Hours after the Australian government announced it was sending 330 troops to Iraq on a training mission, the country's defense minister, Kevin Andrews, appeared unable to answer a simple question quite central to that mission.
In an interview with Australian Broadcasting Corporation host Leigh Sales on Tuesday, Andrews was asked to identify the top leader of the Islamic State group, and what was being done to capture him.

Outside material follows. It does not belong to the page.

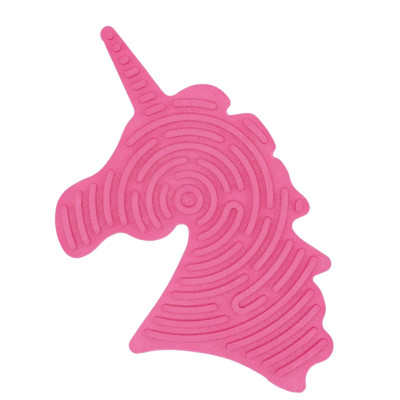 Дитяча розвиваюча дошка для сенсорної активності "Єдиноріг" GS0108 двостороння Рожевий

Instead of answering the question, Andrews said that the militant group has "a cadre" of leaders and that there's "fluidity" between its organizations.
Shutting down Andrews' bit of verbal gymnastics, Sales asked for clarification by saying "no, but there is a leader and a cabinet of IS."
Andrews continued talking past the host, however, leading Sales to repeat her question: "Who is the leader and what is the focus on his capture?" The defense minister dodge once more, refusing to go into "operational matters."
Undeterred, Sales broke down the question to its simplest point, which led to this cripplingly embarrassing exchange:
Andrews went on to give a vague response in which he stated "ISIL operates not just in Iraq but across Syria as well and there is fluidity between groups."
The disparity between the troop committal and the minister's evasiveness was not lost on the host, who told Andrews:
Minister, you're responsible for putting Australian men and women in harm's way in the cause of this mission. I'm surprised that you can't tell me the name of Islamic State's leader. The U.S. State Department has a $10 million bounty on his head.
The Islamic State group is led by Abu Bakr al-Baghdadi, who has been a central figure in group's rise and holds ultimate power over the militants. Al-Baghdadi has been described as the most wanted terrorist in the world.